> **Scraped caption text data**:
◆ ◆ ◆

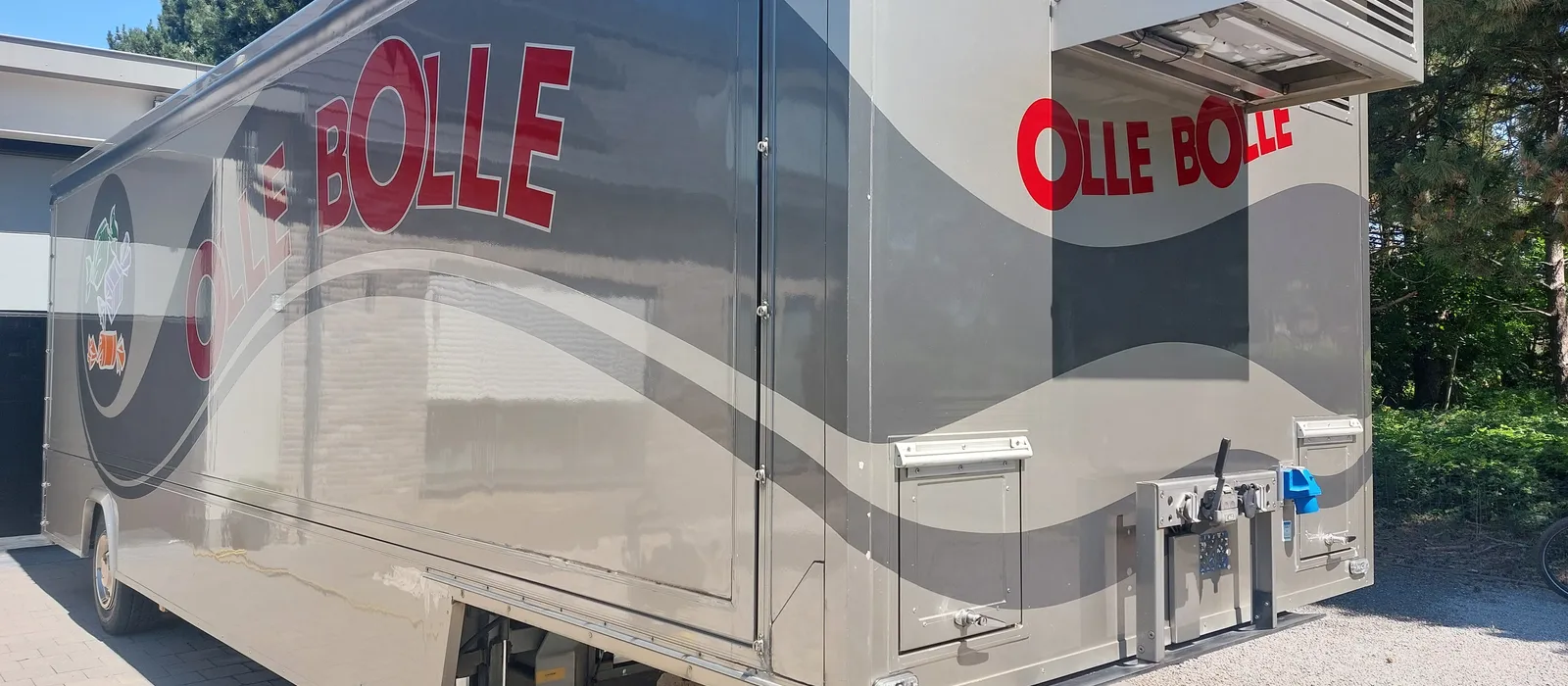 20260704123422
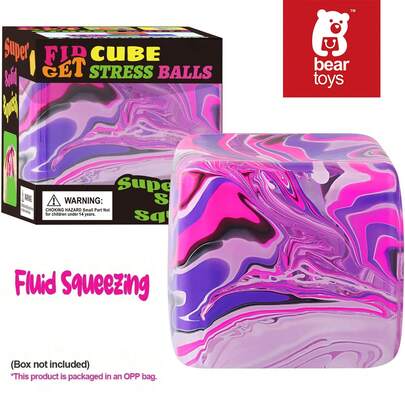 N-Eedoh Malt Moldable Stress Relief Toy, Slow Rebound Malt Dough, Suitable For Birthday, Holiday, Party, Hobby, Collection, Party Supplies, Youth Creative Toys, Transformable Modeling Clay Toys, Youth Toys (No Box)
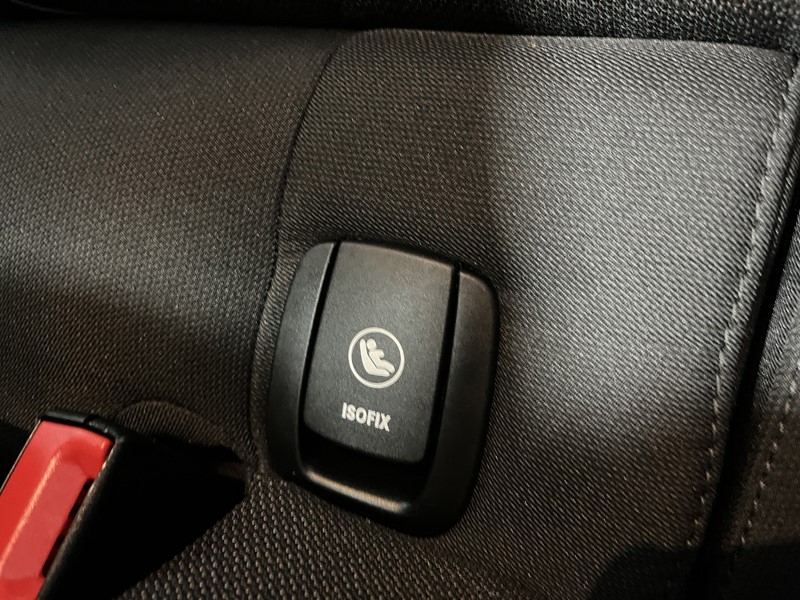 2019 (19) MINI HATCHBACK 1.5 Cooper Classic II 5dr 5824383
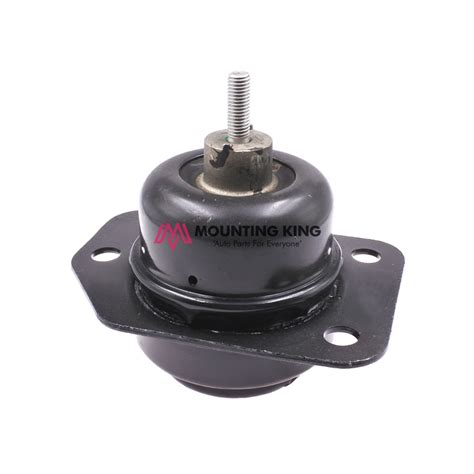 Buy Right Engine Mounting Mounting King Auto Parts Malaysia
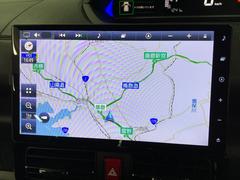 �ڸ��ֳ�ǧ�ڤ���ŹǼ�֤Τ��ꤤ�ۤ����б��ϡ��᡼�����Ǥμ�ξ���֤Υ��᡼���ο����㤤�䡢͢����ν��Ǥ����ͤˤ����Ǥ򤪳ݤ����ʤ��٤����֤Ǥ��Τǡ�������ĺ���ޤ��褦���ꤤ�����夲�ޤ��� 6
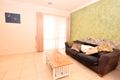 Property photo of 10 Murilla Crescent Wangaratta VIC 3677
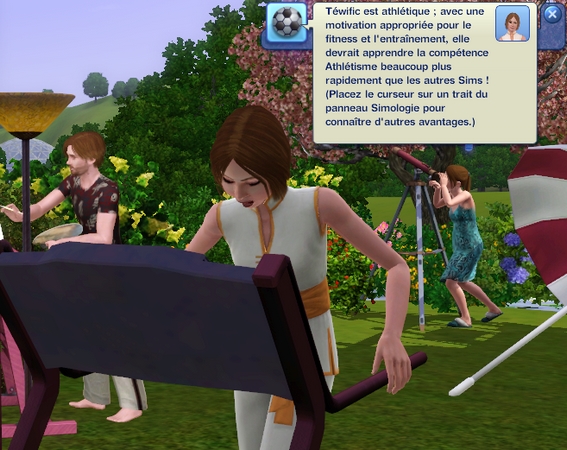 images/histoires/wokenwol/generation_1/chapitre_30/Maillots_d-5b9314.jpg images/histoires/wokenwol/generation_1/chapitre_30/Maillots_d-5b9314.jpg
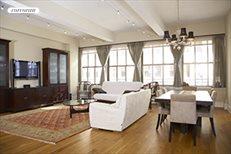 130 West 30th Street, Apt. 8B, Chelsea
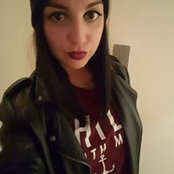 Foto von Alexandra Lache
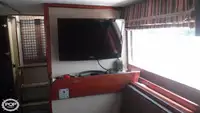 डायव्ह सपोर्ट विक्रीसाठी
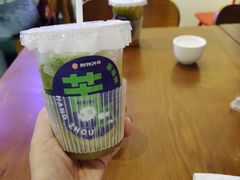 -炖物24章·顺时轻养茶(黄龙店)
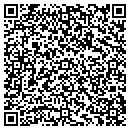 QR code with US Furniture & Mattress contacts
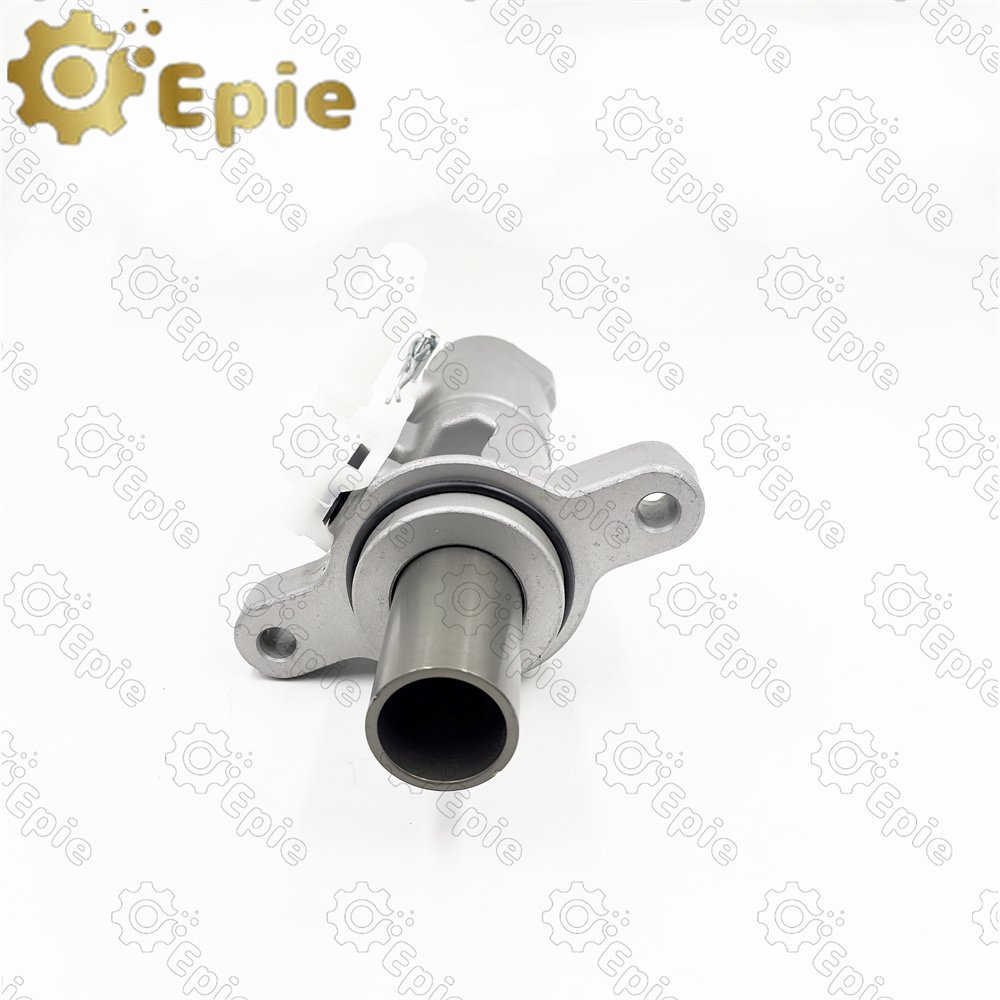Factory Price Brake Cylinder Assy for HINO XZU720 Truck Brake Master Cylinder 47201-37290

◆ ◆ ◆

> **What you will do**:
All lines above must be repeated exactly, and the pictures must be omitted.

> **Response below**:
 20260704123422
 N-Eedoh Malt Moldable Stress Relief Toy, Slow Rebound Malt Dough, Suitable For Birthday, Holiday, Party, Hobby, Collection, Party Supplies, Youth Creative Toys, Transformable Modeling Clay Toys, Youth Toys (No Box)
 2019 (19) MINI HATCHBACK 1.5 Cooper Classic II 5dr 5824383
 Buy Right Engine Mounting Mounting King Auto Parts Malaysia
 �ڸ��ֳ�ǧ�ڤ���ŹǼ�֤Τ��ꤤ�ۤ����б��ϡ��᡼�����Ǥμ�ξ���֤Υ��᡼���ο����㤤�䡢͢����ν��Ǥ����ͤˤ����Ǥ򤪳ݤ����ʤ��٤����֤Ǥ��Τǡ�������ĺ���ޤ��褦���ꤤ�����夲�ޤ��� 6
 Property photo of 10 Murilla Crescent Wangaratta VIC 3677
 images/histoires/wokenwol/generation_1/chapitre_30/Maillots_d-5b9314.jpg images/histoires/wokenwol/generation_1/chapitre_30/Maillots_d-5b9314.jpg
 130 West 30th Street, Apt. 8B, Chelsea
 Foto von Alexandra Lache
 डायव्ह सपोर्ट विक्रीसाठी
 -炖物24章·顺时轻养茶(黄龙店)
 QR code with US Furniture & Mattress contacts
Factory Price Brake Cylinder Assy for HINO XZU720 Truck Brake Master Cylinder 47201-37290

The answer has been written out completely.